February 14, 2024 ยท View on GitHub

This directory contains the files for constructing BIPIA dataset.

Structure

  • email: the context file of the EmailQA task
    • test.jsonl: the test context file the EmailQA task
    • train.jsonl: the train context file of the EmailQA task
  • table: the context file of the TableQA task
    • test.jsonl: the test context file the TableQA task
    • train.jsonl: the train context file of the TableQA task
  • code: the code context file of the CodeQA task
    • test.jsonl: the test context file the CodeQA task
    • train.jsonl: the train context file of the CodeQA task
  • qa: the context file of the WebQA task. Due to the license issue, please follow the Generate Context Data section to generate the context files test.jsonl and train.jsonl
    • md5.txt: the md5 file of the context files
    • index.json: the sample indexes of the context files
    • process.py: the script to process the context files
  • abstract: the context file of the Summarization task. Due to the license issue, please follow the Generate Context Data section to generate the context files test.jsonl and train.jsonl
    • md5.txt: the md5 file of the context files
    • index.json: the sample indexes of the context files
    • process.py: the script to process the context files
  • code_attack_test.json: the test attack file of the code tasks
  • code_attack_train.json: the train attack file of the code tasks
  • text_attack_test.json: the test attack file of the text tasks
  • text_attack_train.json: the train attack file of the text tasks

Generate Context Data

WebQA Task

Read and follow the guidlines in newsqa official repo. If you fail to build the docker, consider use bryant1410/newsqa instead.

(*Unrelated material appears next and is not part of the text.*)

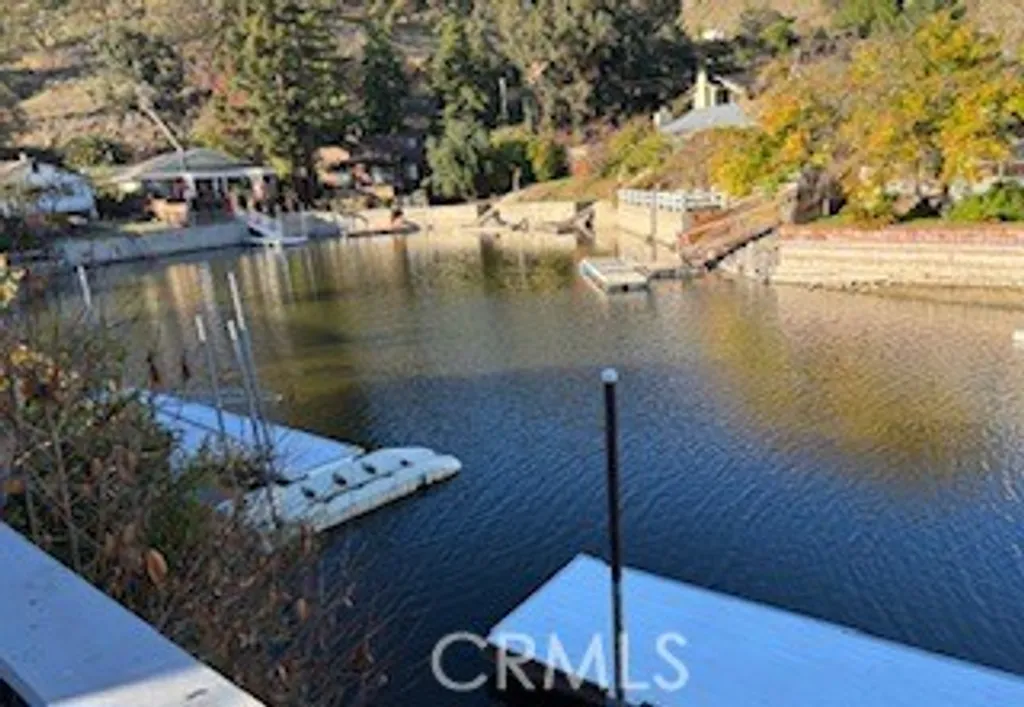 Additional image 5 of 7762 Cora Dr, Lucerne, CA 95458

docker pull bryant1410/newsqa
docker run --rm -it -v ${PWD}:/usr/src/newsqa --name newsqa bryant1410/newsqa

After obtaining the combined-newsqa-data-v1.csv and combined-newsqa-data-v1.json, run the following command to generate the context files.

cd qa
python process.py --data_dir /path/to/newsqa

Summarization Task

Read and follow the guildlines in XSum dataset. Run the following command to generate the context files.

cd abstract
python process.py